To get back to the man-hating lesbians: Wertham noted that female heroes such as Wonder Woman and Sheena Queen of the Jungle got to push men around. This, he warned, reinforced “violent revenge fantasies against men and possibly creates these violent anti-man [therefore homosexual] fantasies . . .”

‘Wish dream of two homosexuals’

Then there was the comic panel in which Wonder Woman is seen having breakfast with “an admiring young girl”. “Do you eat all this for breakfast every day, Wonder Woman?” the girl asks. “Of course, dear,” Wonder Woman replies. “Amazons, like everyone else, need a hearty breakfast. Fruit juice, bread and butter, cereal or eggs, cheese and milk, give you a good start for the day’s activities!”

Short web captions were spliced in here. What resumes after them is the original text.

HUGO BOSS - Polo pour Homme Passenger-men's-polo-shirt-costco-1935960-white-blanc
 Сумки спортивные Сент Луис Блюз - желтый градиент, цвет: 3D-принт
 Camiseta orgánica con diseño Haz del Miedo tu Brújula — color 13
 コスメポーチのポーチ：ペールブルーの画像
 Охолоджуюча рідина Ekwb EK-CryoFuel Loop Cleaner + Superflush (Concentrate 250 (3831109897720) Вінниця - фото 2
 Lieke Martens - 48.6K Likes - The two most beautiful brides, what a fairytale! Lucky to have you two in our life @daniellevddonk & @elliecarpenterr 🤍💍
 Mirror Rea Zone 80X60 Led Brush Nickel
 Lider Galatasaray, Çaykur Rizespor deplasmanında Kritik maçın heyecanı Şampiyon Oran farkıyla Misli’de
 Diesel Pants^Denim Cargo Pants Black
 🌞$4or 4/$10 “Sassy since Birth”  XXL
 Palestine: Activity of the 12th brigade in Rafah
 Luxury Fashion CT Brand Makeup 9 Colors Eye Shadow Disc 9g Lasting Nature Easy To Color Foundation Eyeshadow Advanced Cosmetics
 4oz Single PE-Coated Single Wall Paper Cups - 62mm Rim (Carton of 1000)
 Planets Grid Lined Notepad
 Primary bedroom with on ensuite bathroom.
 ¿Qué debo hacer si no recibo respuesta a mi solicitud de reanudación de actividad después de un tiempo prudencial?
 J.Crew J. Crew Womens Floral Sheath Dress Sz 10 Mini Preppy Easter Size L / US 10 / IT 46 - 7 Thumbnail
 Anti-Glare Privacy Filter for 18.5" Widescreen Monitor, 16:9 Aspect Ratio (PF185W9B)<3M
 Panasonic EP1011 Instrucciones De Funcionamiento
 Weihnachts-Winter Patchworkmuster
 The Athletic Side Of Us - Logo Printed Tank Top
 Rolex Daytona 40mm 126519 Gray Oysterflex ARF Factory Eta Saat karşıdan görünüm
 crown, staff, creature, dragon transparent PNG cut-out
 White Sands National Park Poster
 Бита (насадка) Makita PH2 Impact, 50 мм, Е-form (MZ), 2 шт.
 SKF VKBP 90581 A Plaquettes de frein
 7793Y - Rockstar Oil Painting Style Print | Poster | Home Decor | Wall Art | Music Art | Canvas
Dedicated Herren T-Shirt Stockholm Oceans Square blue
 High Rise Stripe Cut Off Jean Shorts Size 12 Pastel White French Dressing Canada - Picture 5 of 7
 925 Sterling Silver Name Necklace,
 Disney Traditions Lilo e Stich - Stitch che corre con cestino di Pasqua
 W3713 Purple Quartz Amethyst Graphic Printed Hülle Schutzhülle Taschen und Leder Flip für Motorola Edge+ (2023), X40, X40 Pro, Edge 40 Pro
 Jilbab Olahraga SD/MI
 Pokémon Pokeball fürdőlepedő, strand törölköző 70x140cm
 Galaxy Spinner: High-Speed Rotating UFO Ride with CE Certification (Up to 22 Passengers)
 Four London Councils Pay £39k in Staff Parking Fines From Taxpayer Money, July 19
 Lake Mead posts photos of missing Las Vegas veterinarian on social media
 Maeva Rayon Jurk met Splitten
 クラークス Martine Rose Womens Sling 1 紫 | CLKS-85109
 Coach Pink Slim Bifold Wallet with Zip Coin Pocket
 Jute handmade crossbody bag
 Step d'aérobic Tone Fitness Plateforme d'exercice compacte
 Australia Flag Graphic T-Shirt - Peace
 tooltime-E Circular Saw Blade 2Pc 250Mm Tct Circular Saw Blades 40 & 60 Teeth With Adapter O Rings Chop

Breakfast also added to his suspicions about Batman and Robin who, he stated, provided “a wish dream of two homosexuals living together”. “I have seen an elaborate, charming breakfast scene, but it was between Batman and his boy, complete with checkered tablecloth, milk, cereal, fruit juice, dressing gown and newspaper.” And, he noted,”I have seen a parallel scene with the same implications when Wonder Woman had breakfast with an admiring young girl.”

Wertham wasn’t alone. One critic, John Mason Brown, described comics as “the marijuana of the nursery, the bane of the bassinet, the horror of the home, the curse of the kids, and a threat to the future”.

On this side of the Atlantic we were more likely to be reading the Dandy and Beano. What would Dr Wertham have made of those? They usually depict adults as baffled idiots, and where do you leave Minnie the Minx?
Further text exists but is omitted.